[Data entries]
· · · · · · ·
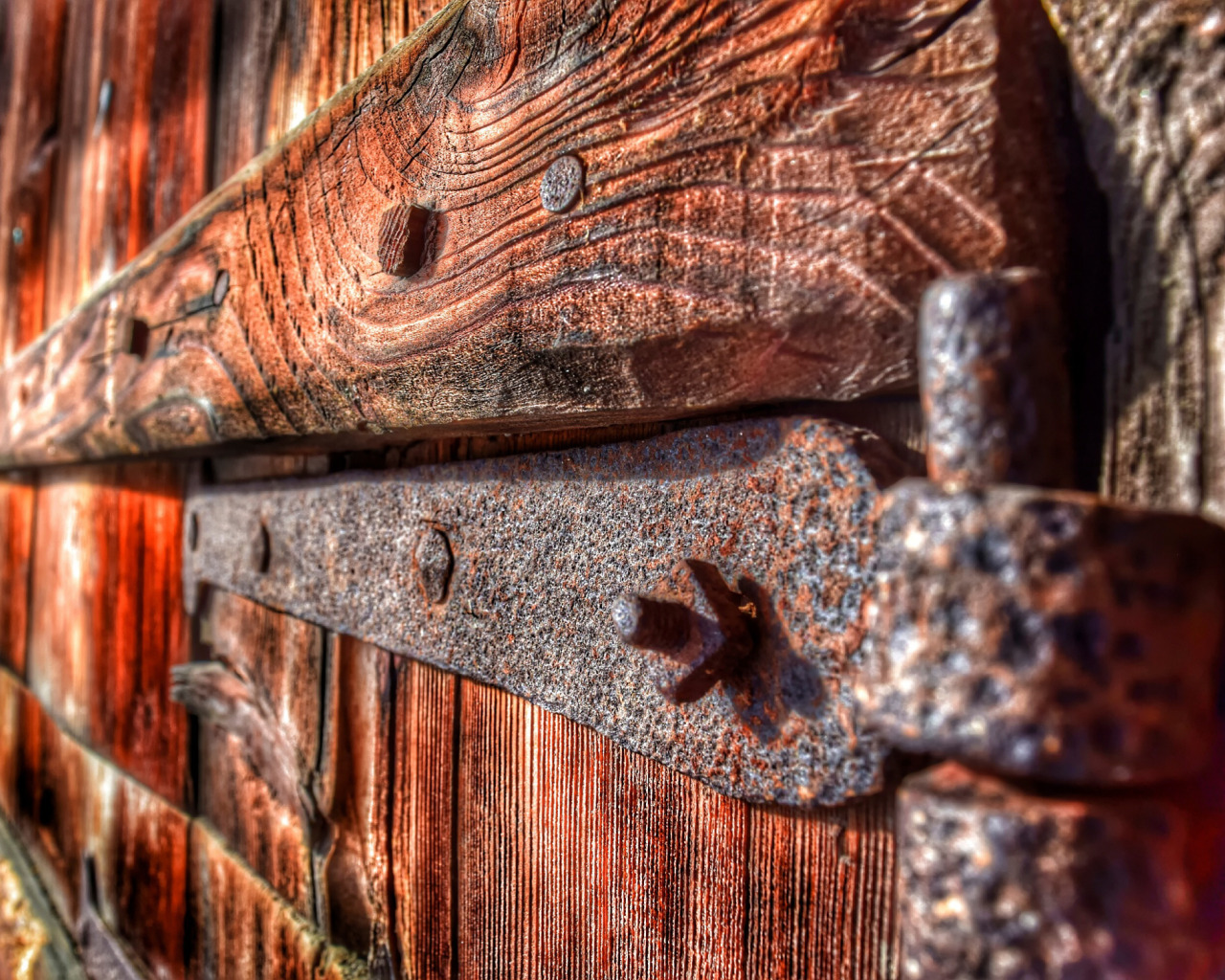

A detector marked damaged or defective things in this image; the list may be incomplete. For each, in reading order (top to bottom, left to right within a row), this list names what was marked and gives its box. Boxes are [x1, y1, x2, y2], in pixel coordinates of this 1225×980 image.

splintered wood edge [0, 0, 1068, 467]
rusty pin protruding [536, 154, 583, 212]
rust texture [921, 269, 1073, 487]
corroded metal surface [921, 269, 1073, 487]
rust texture [181, 416, 911, 808]
rusted metal plate [184, 413, 911, 803]
corroded metal surface [184, 416, 911, 808]
rust texture [858, 478, 1225, 784]
corroded metal surface [858, 478, 1225, 784]
rusted metal plate [858, 478, 1225, 784]
rust texture [896, 764, 1219, 980]
corroded metal surface [902, 764, 1214, 980]
rusted metal plate [902, 764, 1214, 980]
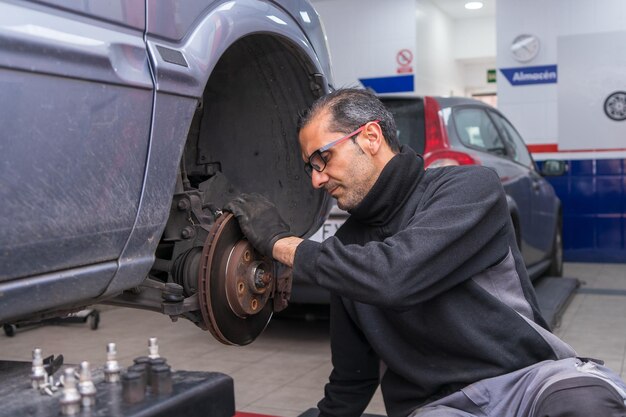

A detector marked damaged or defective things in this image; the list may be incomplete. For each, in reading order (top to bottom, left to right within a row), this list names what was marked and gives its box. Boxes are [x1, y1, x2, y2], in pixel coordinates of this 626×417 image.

rusty brake disc [196, 211, 272, 344]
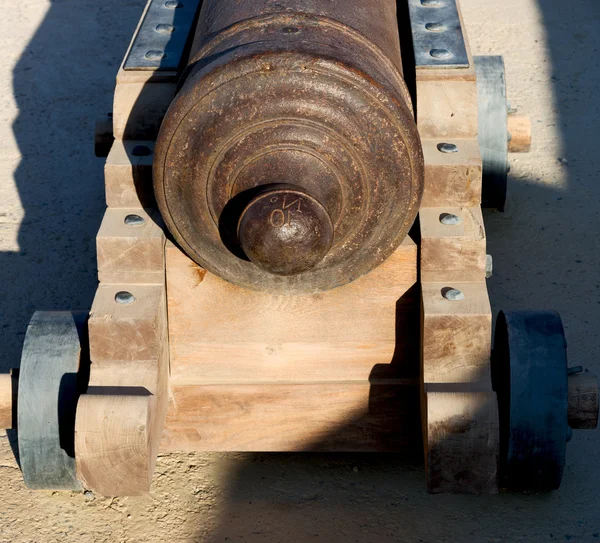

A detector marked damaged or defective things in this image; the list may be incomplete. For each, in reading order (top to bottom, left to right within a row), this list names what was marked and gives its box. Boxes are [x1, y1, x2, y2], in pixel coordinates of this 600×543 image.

rusty surface [154, 0, 422, 294]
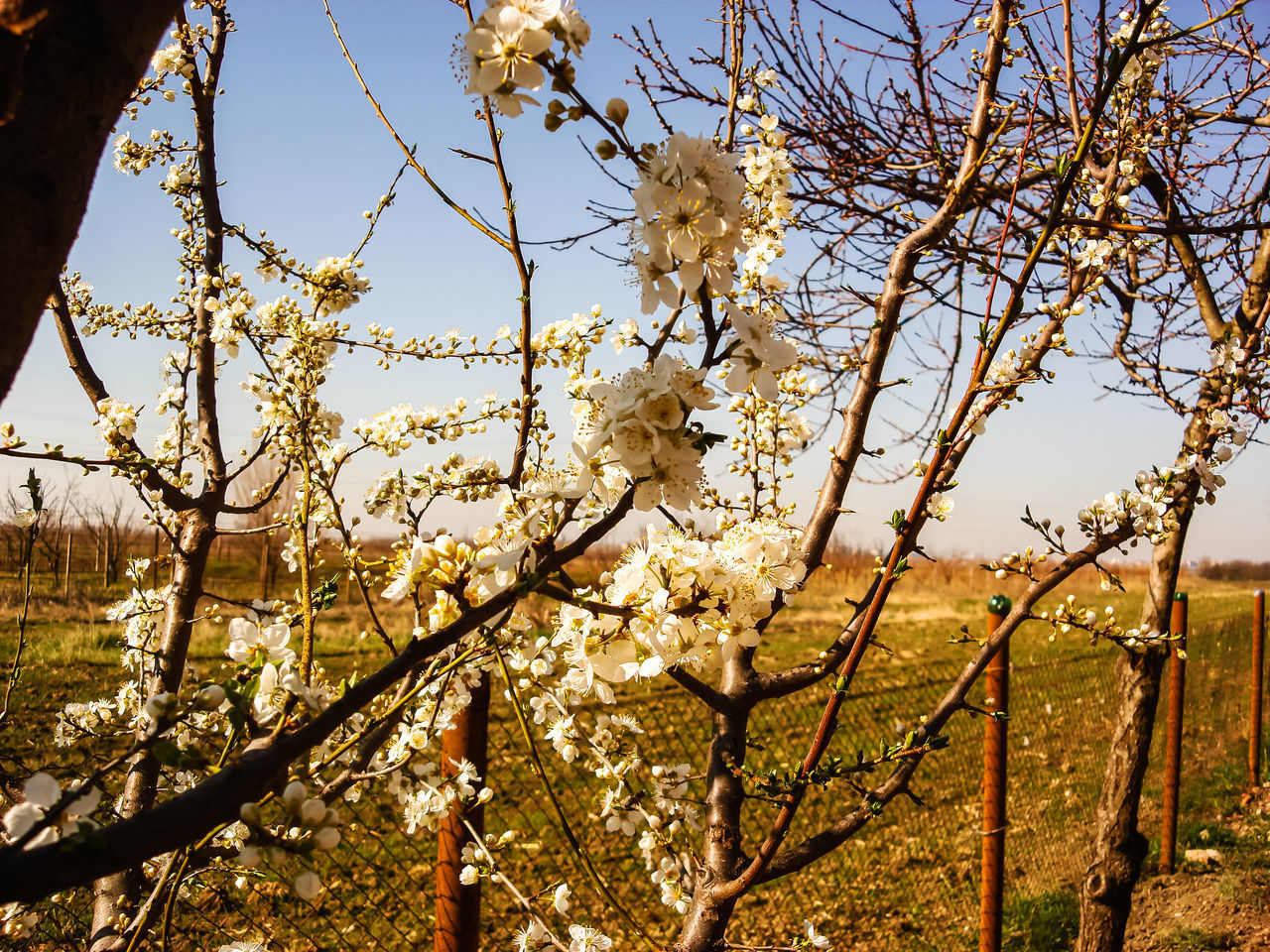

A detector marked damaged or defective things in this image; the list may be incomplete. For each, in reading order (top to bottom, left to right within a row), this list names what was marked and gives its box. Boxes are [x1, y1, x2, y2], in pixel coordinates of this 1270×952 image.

rusty fence post [439, 674, 492, 952]
rusty fence post [980, 594, 1010, 949]
rusty fence post [1163, 596, 1189, 878]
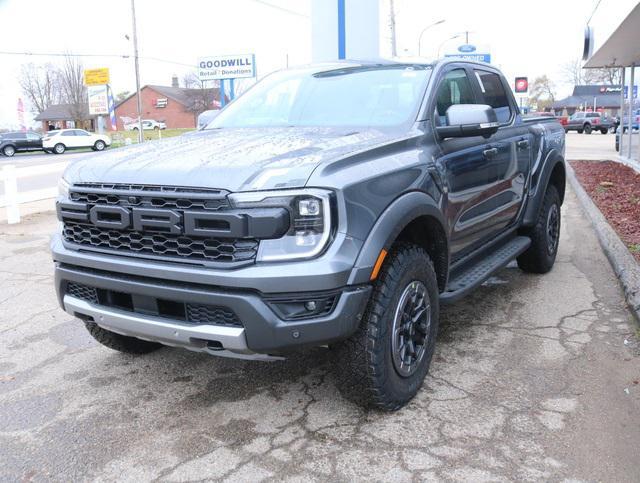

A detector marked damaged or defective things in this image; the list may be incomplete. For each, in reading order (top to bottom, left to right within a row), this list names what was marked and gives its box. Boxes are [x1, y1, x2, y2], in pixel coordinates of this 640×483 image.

cracked asphalt [1, 186, 640, 483]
· · · · · · ·
When the line containing "this 1270×952 image." is reached, write out that line and each one after it exactly, ending with the last line of the records; pictures are not copied.

* _Solution_
A detector marked damaged or defective things in this image; the list may be incomplete. For each, in reading order (top to bottom, left to right within a row), this list names what was marked and gives its box. Boxes are [x1, y1, x2, y2], in pixel coordinates of this 1270×952 image.

rusty fence post [439, 674, 492, 952]
rusty fence post [980, 594, 1010, 949]
rusty fence post [1163, 596, 1189, 878]

A detector marked damaged or defective things in this image; the list may be incomplete. For each, in reading order (top to bottom, left to right within a row), this list names what was marked and gives its box. Boxes are [x1, y1, x2, y2], in pixel coordinates of this 640×483 image.

cracked asphalt [1, 186, 640, 483]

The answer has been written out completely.